Uma vez livre, mas enfraquecido, Sonho precisa recuperar três itens roubados pelos captores, que concentram a essência de seus poderes: uma algibeira com areia, um elmo que permite viajar entre diversas dimensões e um rubi que transforma sonhos em realidade. A temporada acompanha a jornada de Sandman em busca desses pertences, para reconstruir seu reino, restaurar a ordem que foi abalada com seu desaparecimento e, de quebra, ajudar a raça humana, mesmo não sendo tão merecedora assim.
E essa jornada leva a encontros bem interessantes com personagens como os irmãos Caim (Sanjeev Bhaskar) e Abel (Asim Chaudhry), sonhos inspirados nos personagens bíblicos, com direito a assassinatos recorrentes, que são os zeladores da Casa dos Mistérios e da Casa dos Segredos. Morpheus também conta com a ajuda da exorcista Johanna Constantine (Jenna Coleman), a versão feminina do John Constantine dos quadrinhos, o mago inglês punk, sarcástico e malandro, que já foi interpretado no cinema por Keanu Reeves e teve série da DC, também escrita pelo roteirista David Goyer.
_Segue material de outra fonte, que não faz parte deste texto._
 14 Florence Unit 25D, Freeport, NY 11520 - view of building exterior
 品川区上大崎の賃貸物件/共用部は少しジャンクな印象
Outro encontro muito esperado é a visita de Sandman ao inferno para um tête-à-tête com ninguém menos que Lúcifer, interpretado por Gwendoline Christie (a eterna Brianne of Tarth, de Game of Thrones).
Teremos ainda a aparição de três Perpétuos: Morte (Kirby Howell-Baptiste), Desespero (Donna Preston), e Desejo (Mason Alexander Park). E um fanservice bacana com Mark “Skywalker” Hamil fazendo a voz do personagem Merv Cabeça de Abóbora.
Com apuro técnico, produção e fotografia de primeira, o enredo e roteiro são os pontos altos dos primeiros episódios. Sturridge entrega um protagonista no tom certo, contido e sério, tão grave quanto sua voz, como deve ser o mestre dos sonhos. Os demais atores também estão muito bem caracterizados, com exceção da Constantine de Jenna Coleman, que carece de mais carisma e astúcia. Um toque de sensualidade, à la Game of Thrones das primeiras temporadas, não seria mal. E, definitivamente, faltou uma trilha sonora mais marcante, sem exagero pop, mas com umas músicas legais dos anos 80 e 90.
Sandman deve atender à expectativa dos fãs antigos, sendo fiel aos quadrinhos, sem também deixar de incorporar os valores da geração atual e angariar novos adeptos, valorizando a diversidade de gênero, raça e orientação sexual, temas que dialogam com a alma da obra de Gaiman. O autor e produtor, ao menos nesses primeiros episódios, cumpriu o prometido, transformando sonhos em realidade, com o perdão do trocadilho.